The other members of the family are nearer the earth. Navigius, Augustin's brother, an excellent man of whom we know nothing save that he had a bad liver—the icterus of the African colonist—and that on this account he abstained from sweetmeats. Rusticus and Lastidianus, the two cousins, persons as shadowy as the "supers" in a tragedy. Finally, Augustin's pupils, Trygetius and Licentius. The first, who had lately served some time in the army, was passionately fond of history, "like a veteran." Although his master in some of his Dialogues has made him his interlocutor, his character remains for us undeveloped. With Licentius it is different. This son of Romanianus, the Mæcenas of Thagaste, was Augustin's beloved pupil. It is easy to make that out. All the phrases he devotes to Licentius have a warmth of tone, a colour and relief which thrill.
This Licentius comes before us as the type of the spoiled child, the son of a wealthy family, capricious, vain, presuming, unabashed, never hesitating if he sees a chance to have a joke with his master. Forgetful, besides, prone to sudden fancies, superficial, and rather blundering. With all that, the best boy in the world—a bad head, but a good heart. He was a frank pagan, and I believe remained a pagan all his life, in spite of the remonstrances of Augustin and those of the gentle Paulinus of Nola, who lectured him in prose and verse. A great eater and a fine drinker, he found himself obliged to do penance at St. Monnica's rather frugal table. But when the fever of inspiration took hold of him, he forgot eating and drinking, and in his poetical thirst he would would have drained—so his master says—all the fountains of Helicon. Licentius had a passion for versifying: "He is an almost perfect poet," wrote Augustin to Romanianus. The former rhetorician knew the world, and the way to talk to the father of a wealthy pupil, especially if he is your benefactor. At Cassicium, under Augustin's indulgent eyes, the pupil turned into verse the romantic adventure of Pyramus and Thisbe. He declaimed bits of it to the guests in the house, for he had a fine loud voice. Then he flung aside the unfinished poem and suddenly fell in love with Greek tragedies of which, as it happened, he understood nothing at all, though this did not prevent him from boring everybody he met with them. Another day it was the Church music, then quite new, which flung him into enthusiasm. That day they heard Licentius singing canticles from morning till night.

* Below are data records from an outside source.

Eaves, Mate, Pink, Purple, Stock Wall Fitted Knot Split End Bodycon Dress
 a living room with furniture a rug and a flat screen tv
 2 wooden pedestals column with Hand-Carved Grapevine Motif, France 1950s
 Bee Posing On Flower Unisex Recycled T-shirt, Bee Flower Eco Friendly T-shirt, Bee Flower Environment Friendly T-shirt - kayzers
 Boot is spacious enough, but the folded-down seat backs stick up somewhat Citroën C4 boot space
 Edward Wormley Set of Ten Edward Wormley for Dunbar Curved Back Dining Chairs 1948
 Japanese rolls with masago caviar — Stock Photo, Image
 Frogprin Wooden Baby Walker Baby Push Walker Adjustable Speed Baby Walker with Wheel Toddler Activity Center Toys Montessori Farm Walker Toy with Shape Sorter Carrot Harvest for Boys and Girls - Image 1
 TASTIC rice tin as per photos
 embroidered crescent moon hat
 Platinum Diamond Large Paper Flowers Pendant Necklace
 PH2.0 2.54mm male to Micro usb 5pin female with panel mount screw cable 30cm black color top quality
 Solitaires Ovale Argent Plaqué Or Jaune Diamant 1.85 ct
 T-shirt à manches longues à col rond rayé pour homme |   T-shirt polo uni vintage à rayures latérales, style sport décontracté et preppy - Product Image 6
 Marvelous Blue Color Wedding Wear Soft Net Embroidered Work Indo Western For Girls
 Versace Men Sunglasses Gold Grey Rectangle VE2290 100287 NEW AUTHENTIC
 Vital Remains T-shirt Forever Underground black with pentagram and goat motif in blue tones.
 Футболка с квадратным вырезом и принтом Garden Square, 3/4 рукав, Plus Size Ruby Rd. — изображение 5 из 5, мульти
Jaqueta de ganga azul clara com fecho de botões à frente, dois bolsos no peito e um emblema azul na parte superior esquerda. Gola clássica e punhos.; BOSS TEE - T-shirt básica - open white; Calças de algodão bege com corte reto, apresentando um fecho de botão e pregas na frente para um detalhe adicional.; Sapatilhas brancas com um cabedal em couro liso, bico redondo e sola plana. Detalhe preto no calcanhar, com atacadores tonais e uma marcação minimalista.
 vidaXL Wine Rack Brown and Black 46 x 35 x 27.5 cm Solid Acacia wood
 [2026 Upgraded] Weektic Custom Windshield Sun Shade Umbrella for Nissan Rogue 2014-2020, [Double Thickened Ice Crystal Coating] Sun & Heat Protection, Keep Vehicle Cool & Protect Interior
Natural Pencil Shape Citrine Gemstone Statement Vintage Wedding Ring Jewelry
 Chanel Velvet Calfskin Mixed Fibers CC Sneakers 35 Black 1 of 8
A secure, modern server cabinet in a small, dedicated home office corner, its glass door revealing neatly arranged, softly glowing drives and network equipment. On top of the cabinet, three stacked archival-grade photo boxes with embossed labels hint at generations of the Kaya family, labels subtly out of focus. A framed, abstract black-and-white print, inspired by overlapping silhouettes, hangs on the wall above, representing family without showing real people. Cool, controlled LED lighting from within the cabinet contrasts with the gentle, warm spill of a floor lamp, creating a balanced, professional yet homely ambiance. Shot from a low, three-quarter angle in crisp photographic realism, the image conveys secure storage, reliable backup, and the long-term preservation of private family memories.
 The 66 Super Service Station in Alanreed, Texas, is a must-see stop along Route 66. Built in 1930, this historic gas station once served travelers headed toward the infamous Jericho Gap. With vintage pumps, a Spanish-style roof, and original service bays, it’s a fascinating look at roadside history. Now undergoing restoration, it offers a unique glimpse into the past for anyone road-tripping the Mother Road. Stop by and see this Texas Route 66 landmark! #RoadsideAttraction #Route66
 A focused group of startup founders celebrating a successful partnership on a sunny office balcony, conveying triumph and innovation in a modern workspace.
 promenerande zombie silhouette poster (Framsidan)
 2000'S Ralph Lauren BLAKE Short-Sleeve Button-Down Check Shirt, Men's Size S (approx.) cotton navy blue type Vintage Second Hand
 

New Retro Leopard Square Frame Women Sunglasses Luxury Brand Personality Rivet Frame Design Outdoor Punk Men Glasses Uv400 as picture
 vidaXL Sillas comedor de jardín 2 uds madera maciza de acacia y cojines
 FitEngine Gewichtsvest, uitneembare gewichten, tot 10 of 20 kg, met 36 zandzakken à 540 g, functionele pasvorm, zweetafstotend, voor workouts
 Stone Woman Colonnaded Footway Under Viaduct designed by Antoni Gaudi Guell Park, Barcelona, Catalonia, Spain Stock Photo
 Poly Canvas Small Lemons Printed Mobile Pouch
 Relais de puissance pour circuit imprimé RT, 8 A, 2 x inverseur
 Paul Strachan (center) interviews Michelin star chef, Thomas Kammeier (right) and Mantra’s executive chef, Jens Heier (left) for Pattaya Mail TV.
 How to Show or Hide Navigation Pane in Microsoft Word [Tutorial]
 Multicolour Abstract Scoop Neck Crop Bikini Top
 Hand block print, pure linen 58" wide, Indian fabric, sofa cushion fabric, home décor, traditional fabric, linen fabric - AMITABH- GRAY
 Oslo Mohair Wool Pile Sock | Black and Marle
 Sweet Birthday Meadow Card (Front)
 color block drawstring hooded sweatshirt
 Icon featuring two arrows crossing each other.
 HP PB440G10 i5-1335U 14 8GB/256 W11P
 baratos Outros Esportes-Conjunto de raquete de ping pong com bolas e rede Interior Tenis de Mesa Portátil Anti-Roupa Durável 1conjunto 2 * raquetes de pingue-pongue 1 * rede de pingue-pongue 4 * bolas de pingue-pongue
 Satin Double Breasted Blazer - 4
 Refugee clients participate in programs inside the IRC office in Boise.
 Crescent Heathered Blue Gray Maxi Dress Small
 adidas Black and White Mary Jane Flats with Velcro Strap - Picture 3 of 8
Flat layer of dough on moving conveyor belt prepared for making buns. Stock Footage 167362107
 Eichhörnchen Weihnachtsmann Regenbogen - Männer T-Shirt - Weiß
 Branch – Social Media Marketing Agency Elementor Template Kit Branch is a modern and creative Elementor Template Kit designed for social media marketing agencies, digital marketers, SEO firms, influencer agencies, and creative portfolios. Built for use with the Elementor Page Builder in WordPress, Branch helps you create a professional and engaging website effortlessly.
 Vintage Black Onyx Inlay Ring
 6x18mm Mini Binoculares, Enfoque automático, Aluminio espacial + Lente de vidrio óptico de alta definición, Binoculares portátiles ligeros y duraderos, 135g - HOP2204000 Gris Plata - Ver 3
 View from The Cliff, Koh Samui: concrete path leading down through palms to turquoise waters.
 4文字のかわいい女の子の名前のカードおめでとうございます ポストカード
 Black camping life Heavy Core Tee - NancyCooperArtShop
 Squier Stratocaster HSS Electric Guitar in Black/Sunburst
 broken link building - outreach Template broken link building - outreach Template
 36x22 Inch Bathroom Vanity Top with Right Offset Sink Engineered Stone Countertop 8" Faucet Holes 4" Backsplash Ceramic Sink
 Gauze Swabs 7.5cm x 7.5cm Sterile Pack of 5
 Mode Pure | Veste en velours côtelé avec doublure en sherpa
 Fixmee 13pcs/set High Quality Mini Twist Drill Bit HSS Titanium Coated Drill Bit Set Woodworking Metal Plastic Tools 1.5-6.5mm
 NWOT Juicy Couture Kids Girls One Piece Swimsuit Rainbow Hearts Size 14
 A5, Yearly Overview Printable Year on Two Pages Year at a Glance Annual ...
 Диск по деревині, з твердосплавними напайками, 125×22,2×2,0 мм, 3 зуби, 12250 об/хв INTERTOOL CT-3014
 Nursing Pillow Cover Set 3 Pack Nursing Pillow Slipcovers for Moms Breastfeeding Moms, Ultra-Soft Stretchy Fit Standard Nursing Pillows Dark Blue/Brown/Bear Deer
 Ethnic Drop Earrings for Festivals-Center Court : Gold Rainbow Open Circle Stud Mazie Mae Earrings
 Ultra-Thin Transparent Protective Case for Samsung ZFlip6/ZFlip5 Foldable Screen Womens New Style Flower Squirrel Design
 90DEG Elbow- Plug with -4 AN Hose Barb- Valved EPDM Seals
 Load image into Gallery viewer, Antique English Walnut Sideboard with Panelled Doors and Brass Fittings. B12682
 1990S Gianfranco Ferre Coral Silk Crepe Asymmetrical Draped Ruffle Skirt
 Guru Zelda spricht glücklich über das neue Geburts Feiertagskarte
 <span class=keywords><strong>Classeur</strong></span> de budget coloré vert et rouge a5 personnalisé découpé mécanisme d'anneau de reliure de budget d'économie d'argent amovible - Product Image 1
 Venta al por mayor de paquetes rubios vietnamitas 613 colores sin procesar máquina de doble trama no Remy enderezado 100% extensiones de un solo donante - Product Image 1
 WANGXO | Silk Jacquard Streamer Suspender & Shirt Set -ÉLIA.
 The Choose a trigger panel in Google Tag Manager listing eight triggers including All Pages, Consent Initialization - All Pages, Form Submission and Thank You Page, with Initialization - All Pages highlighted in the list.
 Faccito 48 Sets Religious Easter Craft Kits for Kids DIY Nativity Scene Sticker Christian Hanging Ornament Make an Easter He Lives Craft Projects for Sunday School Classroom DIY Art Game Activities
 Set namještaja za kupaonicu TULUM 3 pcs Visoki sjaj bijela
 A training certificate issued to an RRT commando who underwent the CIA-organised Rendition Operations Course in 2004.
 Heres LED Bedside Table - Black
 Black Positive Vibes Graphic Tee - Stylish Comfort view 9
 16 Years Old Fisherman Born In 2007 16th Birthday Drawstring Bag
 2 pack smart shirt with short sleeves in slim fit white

In connection with this, Augustin relates with candid freedom an anecdote which to-day needs the indulgence of the reader to make it acceptable. As it gives light upon that half-pagan, half-Christian way of life which was still Augustin's, I will repeat it in all its plainness.
It happened, then, one evening after dinner, that Licentius went out and took his way to a certain mysterious retreat, and there he suddenly began singing this verse of the Psalm: "Turn us again, O Lord God of hosts, cause Thy face to shine; and we shall be saved." As a matter of fact, he had hardly sung anything else for a long time. He kept on repeating this verse over and over again, as people do with a tune they have just picked up. But the pious Monnica, who heard him, could not tolerate the singing of such holy words in such a place. She spoke sharply to the offender. Upon this the young scatter-brains answered rather flippantly:
"Supposing, good mother, that an enemy had shut me up in that place—do you mean to say that God wouldn't have heard me just the same?"